- PROVIDED RECORDS
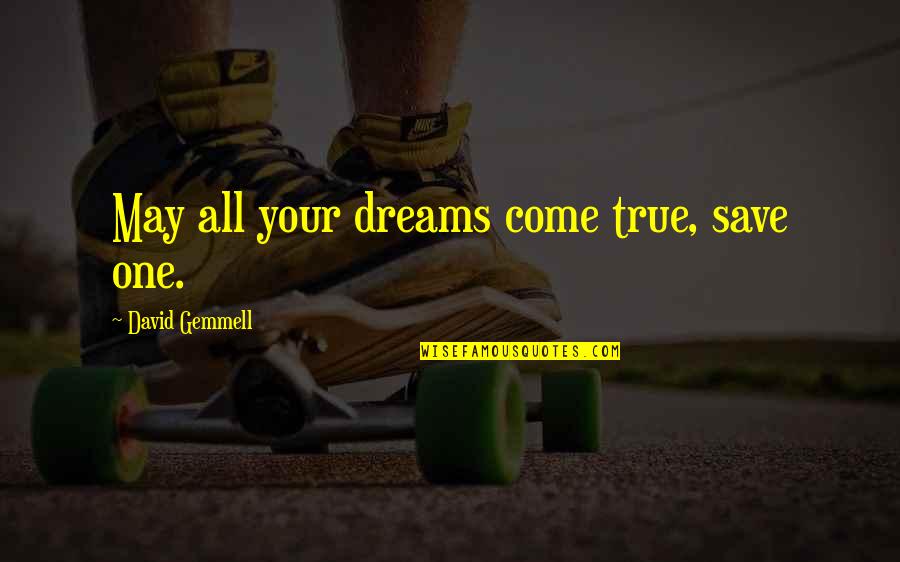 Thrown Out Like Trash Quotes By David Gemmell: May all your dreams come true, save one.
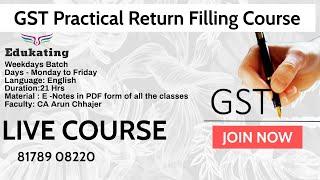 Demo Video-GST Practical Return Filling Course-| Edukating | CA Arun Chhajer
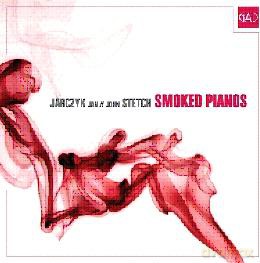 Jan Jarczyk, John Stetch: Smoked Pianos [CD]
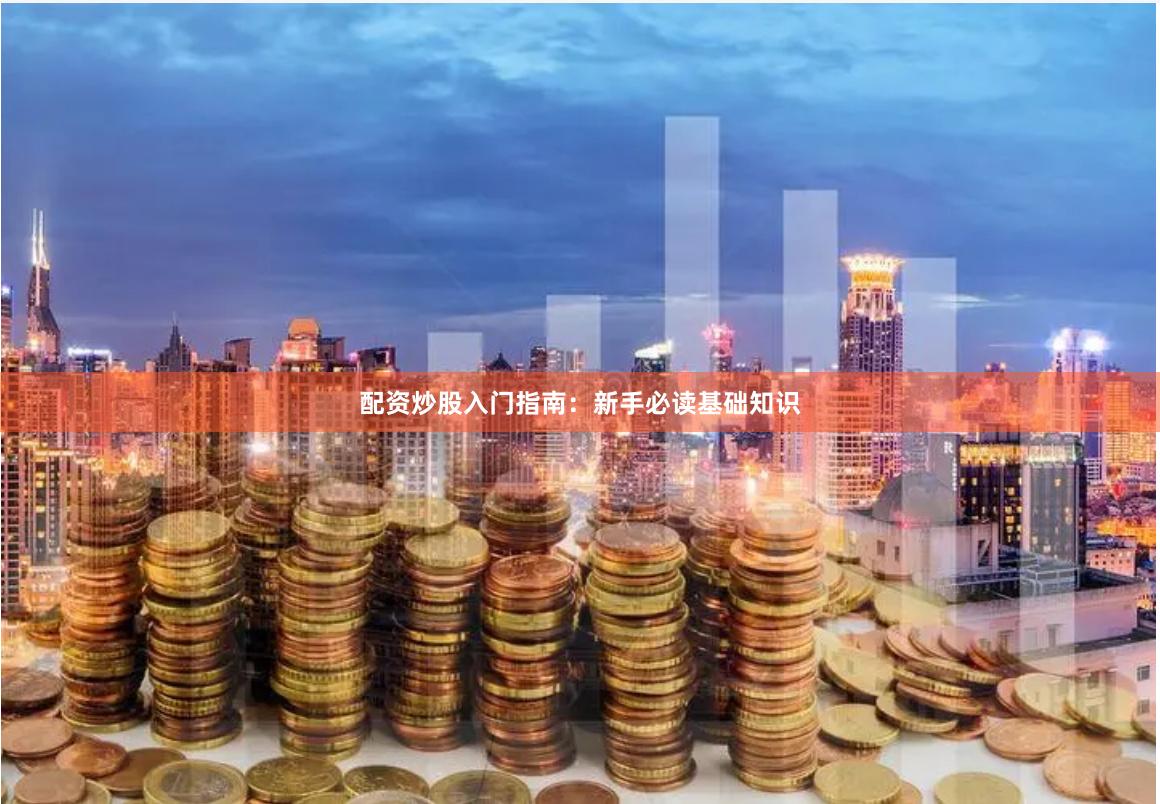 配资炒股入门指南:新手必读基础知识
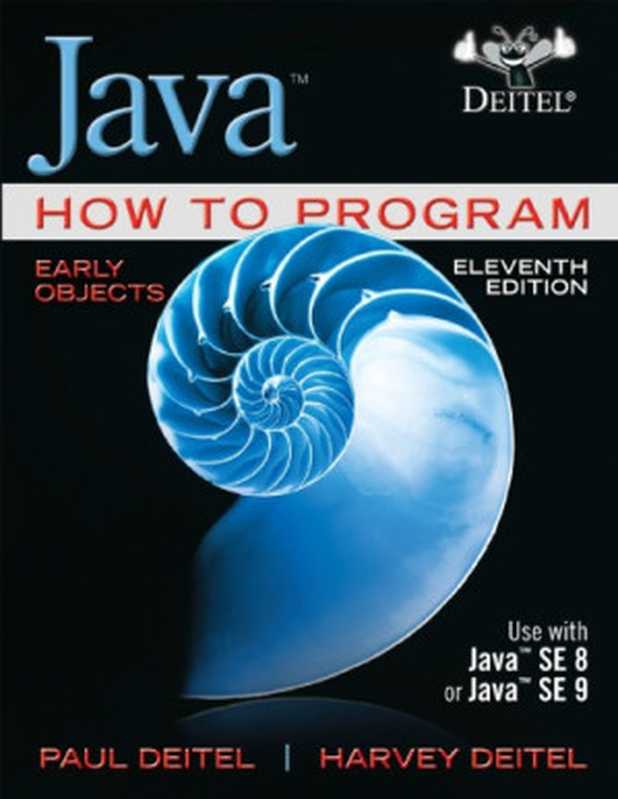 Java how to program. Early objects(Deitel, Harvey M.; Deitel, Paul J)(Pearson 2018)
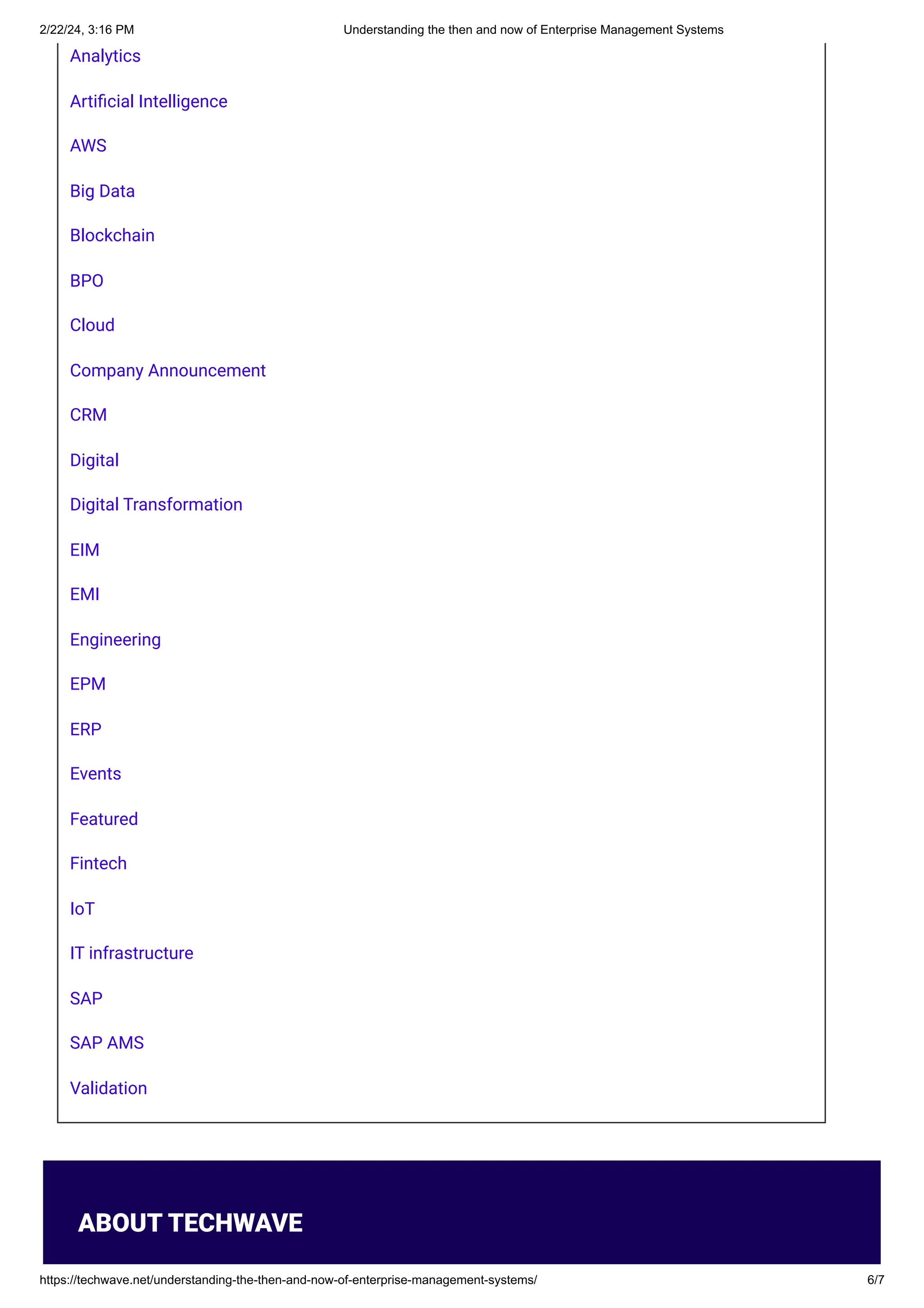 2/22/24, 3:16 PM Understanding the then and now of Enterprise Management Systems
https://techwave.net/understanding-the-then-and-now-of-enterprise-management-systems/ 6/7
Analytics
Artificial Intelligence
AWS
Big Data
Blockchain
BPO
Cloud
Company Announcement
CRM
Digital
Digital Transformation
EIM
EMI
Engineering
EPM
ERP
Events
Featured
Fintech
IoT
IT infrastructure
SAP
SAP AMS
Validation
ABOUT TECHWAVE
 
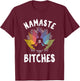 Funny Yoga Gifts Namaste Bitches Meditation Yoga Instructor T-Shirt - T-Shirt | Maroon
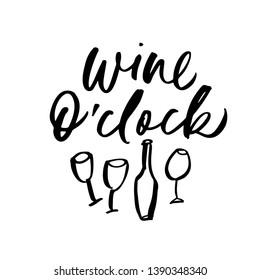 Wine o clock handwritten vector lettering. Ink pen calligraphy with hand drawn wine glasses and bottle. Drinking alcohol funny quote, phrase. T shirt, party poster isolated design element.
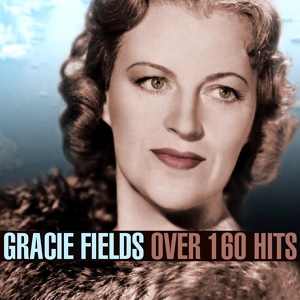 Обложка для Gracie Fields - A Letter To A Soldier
==
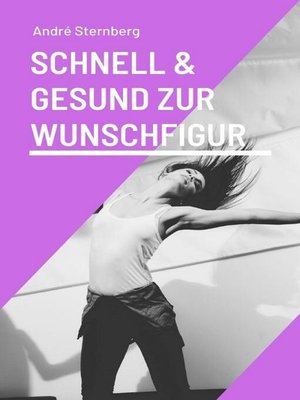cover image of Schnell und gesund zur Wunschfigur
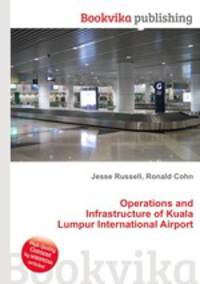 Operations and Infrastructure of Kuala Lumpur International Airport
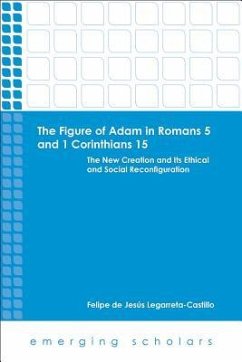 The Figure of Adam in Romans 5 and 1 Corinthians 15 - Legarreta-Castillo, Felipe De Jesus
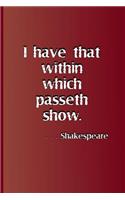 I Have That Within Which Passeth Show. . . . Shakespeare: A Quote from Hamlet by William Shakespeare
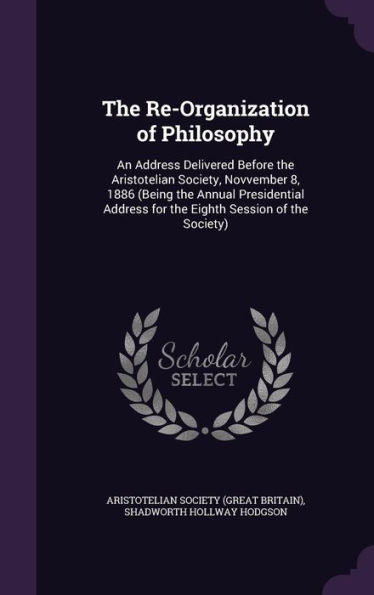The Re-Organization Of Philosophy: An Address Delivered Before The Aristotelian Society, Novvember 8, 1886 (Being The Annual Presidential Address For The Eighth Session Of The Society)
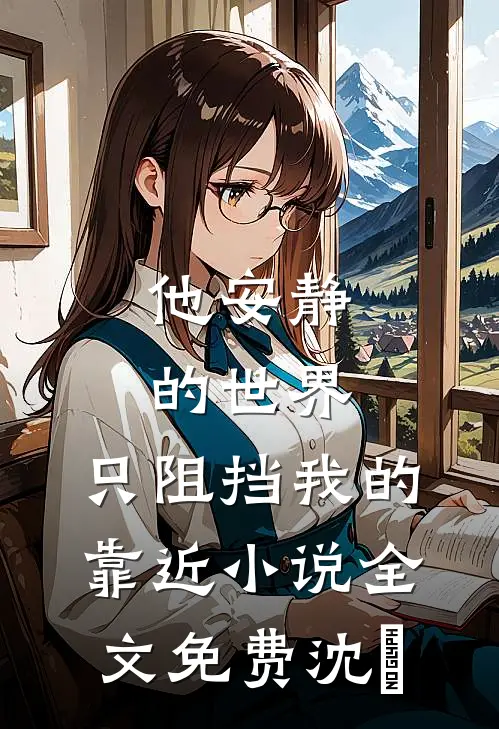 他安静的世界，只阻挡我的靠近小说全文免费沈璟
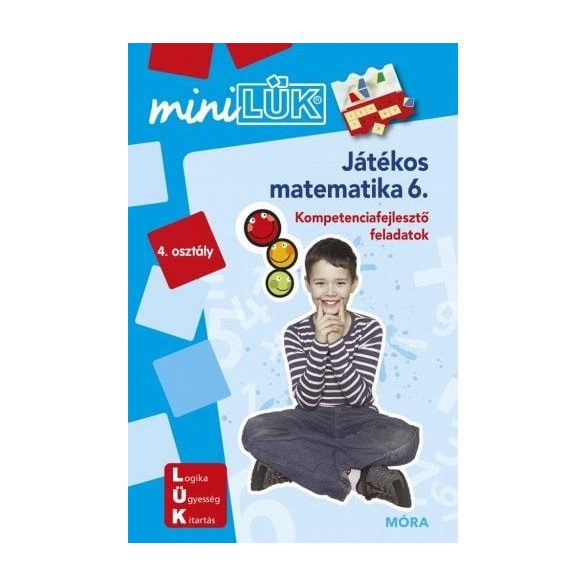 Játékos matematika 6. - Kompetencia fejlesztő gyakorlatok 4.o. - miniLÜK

- PROBLEM DETAILS
Only the lines starting at the one that includes "Thrown Out Like" and ending at the one that includes "Funny Yoga Gifts" should be retyped, exactly, from the records above; no pictures.

- EXERCISE RESPONSE
 Thrown Out Like Trash Quotes By David Gemmell: May all your dreams come true, save one.
 Demo Video-GST Practical Return Filling Course-| Edukating | CA Arun Chhajer
 Jan Jarczyk, John Stetch: Smoked Pianos [CD]
 配资炒股入门指南:新手必读基础知识
 Java how to program. Early objects(Deitel, Harvey M.; Deitel, Paul J)(Pearson 2018)
 2/22/24, 3:16 PM Understanding the then and now of Enterprise Management Systems
https://techwave.net/understanding-the-then-and-now-of-enterprise-management-systems/ 6/7
Analytics
Artificial Intelligence
AWS
Big Data
Blockchain
BPO
Cloud
Company Announcement
CRM
Digital
Digital Transformation
EIM
EMI
Engineering
EPM
ERP
Events
Featured
Fintech
IoT
IT infrastructure
SAP
SAP AMS
Validation
ABOUT TECHWAVE
 
 Funny Yoga Gifts Namaste Bitches Meditation Yoga Instructor T-Shirt - T-Shirt | Maroon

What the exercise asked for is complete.